#### Exercise aim
For every line below, restate it exactly and drop the images.

Items listed in a dataset
+===+
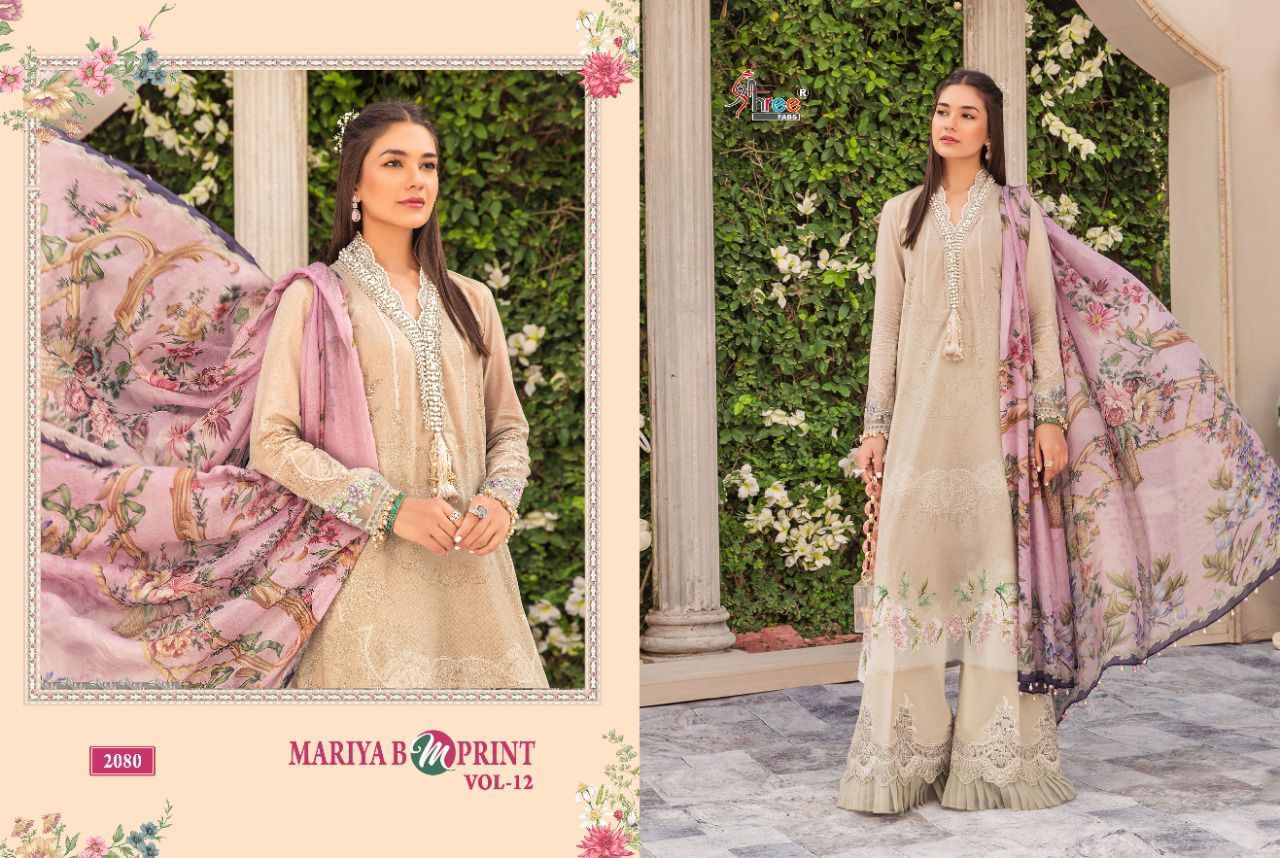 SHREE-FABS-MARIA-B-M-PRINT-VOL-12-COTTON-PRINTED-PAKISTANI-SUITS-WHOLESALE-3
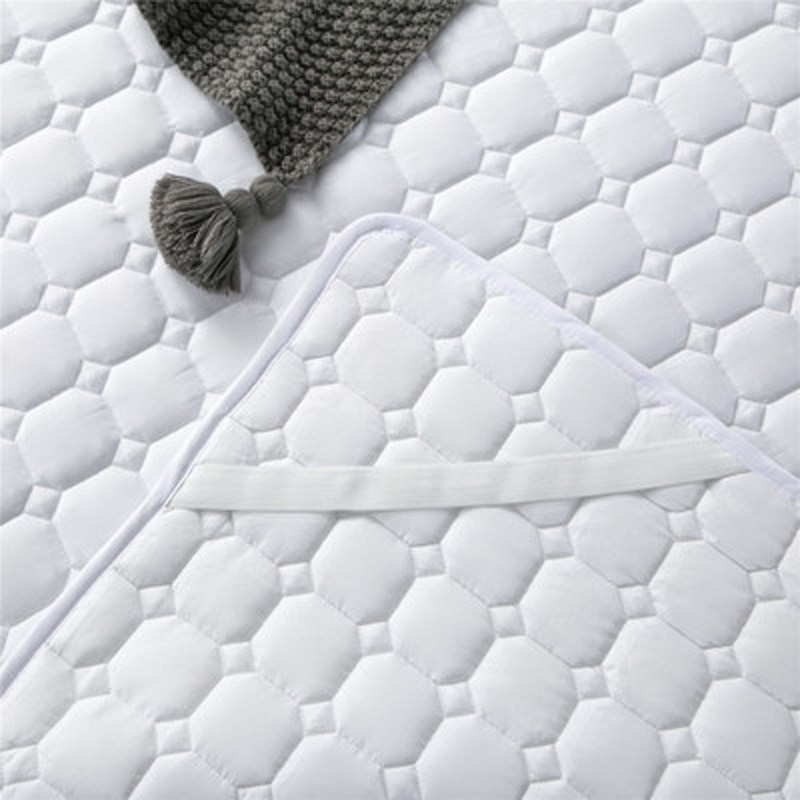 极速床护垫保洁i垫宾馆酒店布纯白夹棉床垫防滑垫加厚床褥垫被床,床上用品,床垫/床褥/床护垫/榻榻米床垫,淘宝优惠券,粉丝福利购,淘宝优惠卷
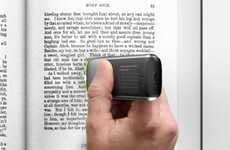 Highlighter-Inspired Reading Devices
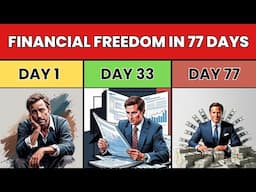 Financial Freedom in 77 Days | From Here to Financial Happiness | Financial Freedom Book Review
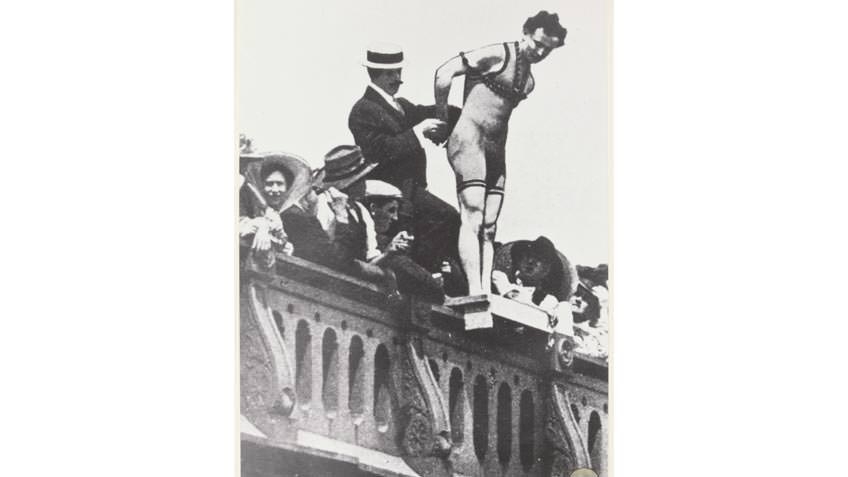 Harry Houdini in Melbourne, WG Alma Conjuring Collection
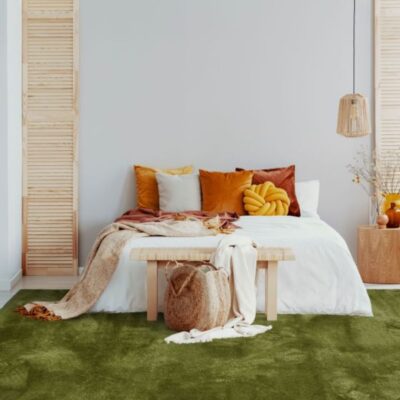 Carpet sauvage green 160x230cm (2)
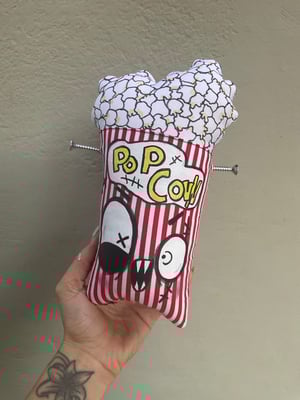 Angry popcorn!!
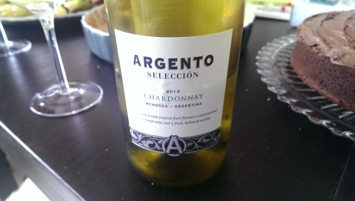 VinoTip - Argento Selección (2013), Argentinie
+===+
#### Response to this exercise
 SHREE-FABS-MARIA-B-M-PRINT-VOL-12-COTTON-PRINTED-PAKISTANI-SUITS-WHOLESALE-3
 极速床护垫保洁i垫宾馆酒店布纯白夹棉床垫防滑垫加厚床褥垫被床,床上用品,床垫/床褥/床护垫/榻榻米床垫,淘宝优惠券,粉丝福利购,淘宝优惠卷
 Highlighter-Inspired Reading Devices
 Financial Freedom in 77 Days | From Here to Financial Happiness | Financial Freedom Book Review
 Harry Houdini in Melbourne, WG Alma Conjuring Collection
 Carpet sauvage green 160x230cm (2)
 Angry popcorn!!
 VinoTip - Argento Selección (2013), Argentinie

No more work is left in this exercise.